Here are the average-case execution times:
Dataset | File Size | Rows | Cols | Time |
---|---|---|---|---|
Demographic Statistics By Zip Code | 27 KB | 237 | 46 | 0.026s |
Simple 3-column CSV | 14.1 MB | 761,817 | 3 | 0.523s |
Majestic Million | 77.7 MB | 1,000,000 | 12 | 1.972s |
Crimes 2001 - Present | 1.50 GB | 6,846,406 | 22 | 32.411s |
Simply include writer.hpp and you’re good to go.
#include <csv/writer.hpp>
To start writing CSV files, create a csv::Writer
object and provide a filename:
csv::Writer foo("test.csv");
Constructing a writer spawns a worker thread that is ready to start writing rows. Using .configure_dialect
, configure the dialect to be used by the writer. This is where you can specify the column names:
foo.configure_dialect()
.delimiter(", ")
.column_names("a", "b", "c");
Now it’s time to write rows.
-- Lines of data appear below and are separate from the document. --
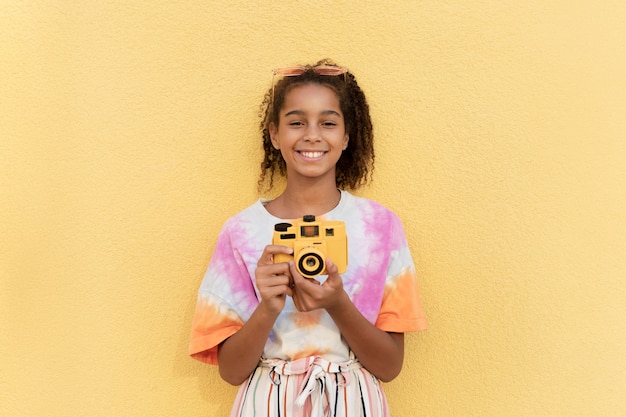 Ragazza sorridente con colpo medio che tiene la macchina fotografica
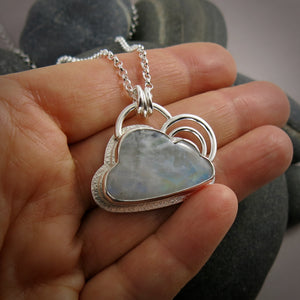 A sterling silver necklace featuring a cloud shaped rainbow moonstone.  The cloud is bezel set and has a silver "lining" around the outside and two silver curved pieces above the cloud resembling a rainbow.  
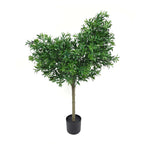 Potted artificial tree with green leaves on a white background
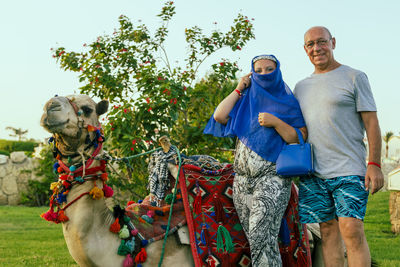 Portrait of man with camel on field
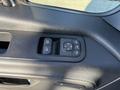 Control panel with window switches and mirror adjustments on the interior door of a 2024 Mercedes-Benz Sprinter 2500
You can do this in multiple ways:
foo.write_row("1", "2", "3"); // parameter packing
foo.write_row({"4", "5", "6"}); // std::vector
foo.write_row(std::map<std::string, std::string>{ // std::map
{"a", "7"}, {"b", "8"}, {"c", "9"} });
foo.write_row(std::unordered_map<std::string, std::string>{ // std::unordered_map
{"a", "7"}, {"b", "8"}, {"c", "9"} });
foo.write_row(csv::unordered_flat_map<std::string, std::string>{ // csv::unordered_flat_map
{"a", "7"}, {"b", "8"}, {"c", "9"} });
You can also omit one or more values dynamically when using maps:
foo.write_row(std::map<std::string, std::string>{ // std::map
{"a", "7"}, {"c", "9"} }); // omitting "b"
foo.write_row(std::unordered_map<std::string, std::string>{ // std::unordered_map
{"b", "8"}, {"c", "9"} }); // omitting "a"
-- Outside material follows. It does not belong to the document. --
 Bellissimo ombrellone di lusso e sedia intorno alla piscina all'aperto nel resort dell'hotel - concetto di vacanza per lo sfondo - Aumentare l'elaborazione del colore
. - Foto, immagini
foo.write_row(csv::unordered_flat_map<std::string, std::string>{ // csv::unordered_flat_map
{"a", "7"}, {"b", "8"} }); // omitting "c"
Finally, once you’re done writing rows, call .close()
to stop the worker thread and close the file stream.
foo.close();
Here’s an example writing 3 million lines of CSV to a file:
csv::Writer foo("test.csv");
foo.configure_dialect()
.delimiter(", ")
.column_names("a", "b", "c");
for (long i = 0; i < 3000000; i++) {
auto x = std::to_string(i % 100);
auto y = std::to_string((i + 1) % 100);
auto z = std::to_string((i + 2) % 100);
foo.write_row(x, y, z);
}
foo.close();
The above code takes about 1.8 seconds to execute on my Surface Pro 4.
Contributions are welcome, have a look at the CONTRIBUTING.md document for more information.
git clone https://github.com/p-ranav/csv.git
cd csv
git submodule update --init --recursive
mkdir build
cd build
cmake .. -DCSV_BUILD_TESTS=ON
cmake --build . --config Debug
ctest --output-on-failure -C Debug
git clone https://github.com/p-ranav/csv.git
cd csv
mkdir build
cd build
cmake ../.
sudo make install
The project is available under the MIT license.